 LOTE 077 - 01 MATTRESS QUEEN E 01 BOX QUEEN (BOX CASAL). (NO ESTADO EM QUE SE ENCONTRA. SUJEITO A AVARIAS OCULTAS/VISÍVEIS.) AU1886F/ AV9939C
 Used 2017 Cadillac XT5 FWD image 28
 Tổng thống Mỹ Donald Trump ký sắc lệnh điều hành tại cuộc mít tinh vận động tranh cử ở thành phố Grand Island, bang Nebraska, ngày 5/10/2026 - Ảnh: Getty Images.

******

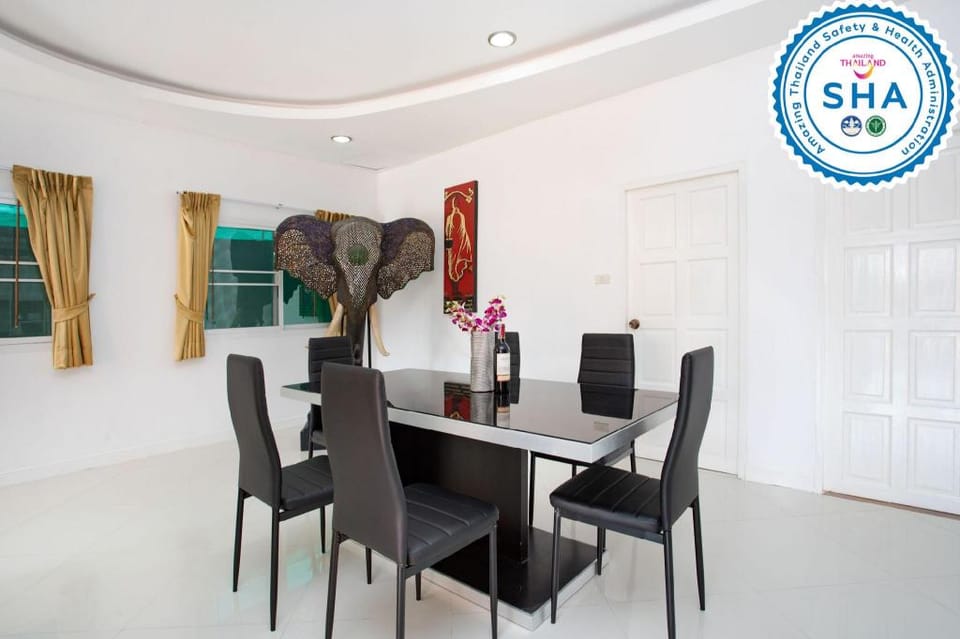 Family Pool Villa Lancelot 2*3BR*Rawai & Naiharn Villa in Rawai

******

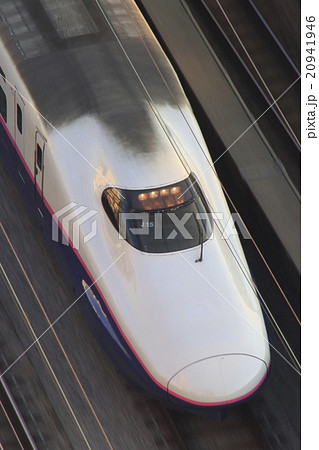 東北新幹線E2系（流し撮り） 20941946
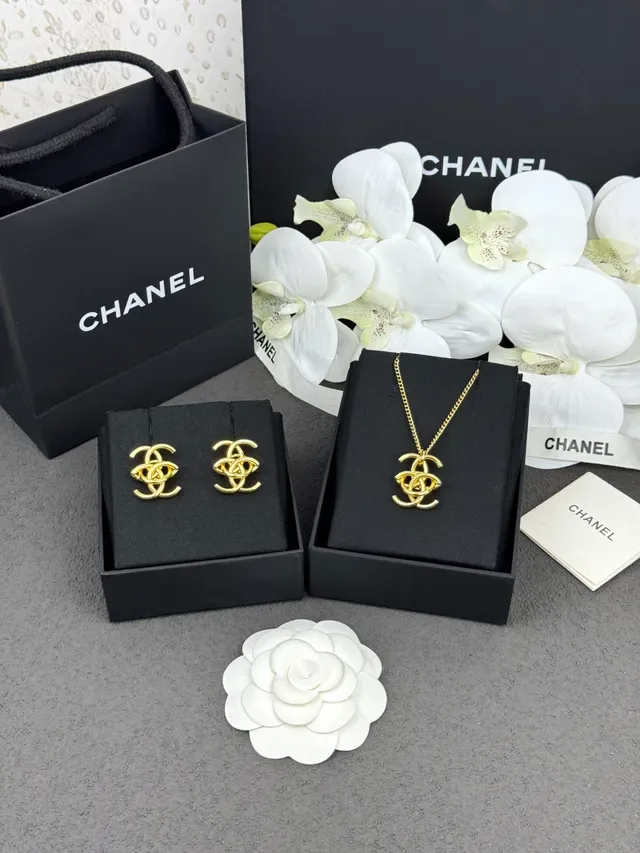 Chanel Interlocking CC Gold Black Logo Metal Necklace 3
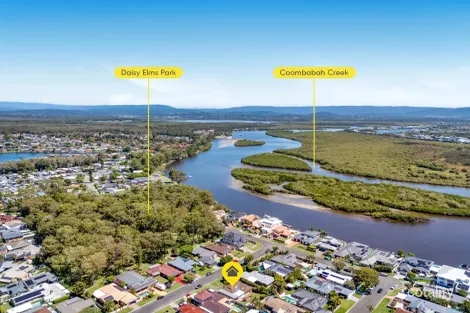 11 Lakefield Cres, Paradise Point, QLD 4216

******

Task: Would you quote everything above from the line containing "Used 2017 Cadillac XT5 FWD image 28" down to the line containing "Tổng thống Mỹ"? Include both of those lines and nothing else.

Answer box:
 Used 2017 Cadillac XT5 FWD image 28
 Tổng thống Mỹ Donald Trump ký sắc lệnh điều hành tại cuộc mít tinh vận động tranh cử ở thành phố Grand Island, bang Nebraska, ngày 5/10/2026 - Ảnh: Getty Images.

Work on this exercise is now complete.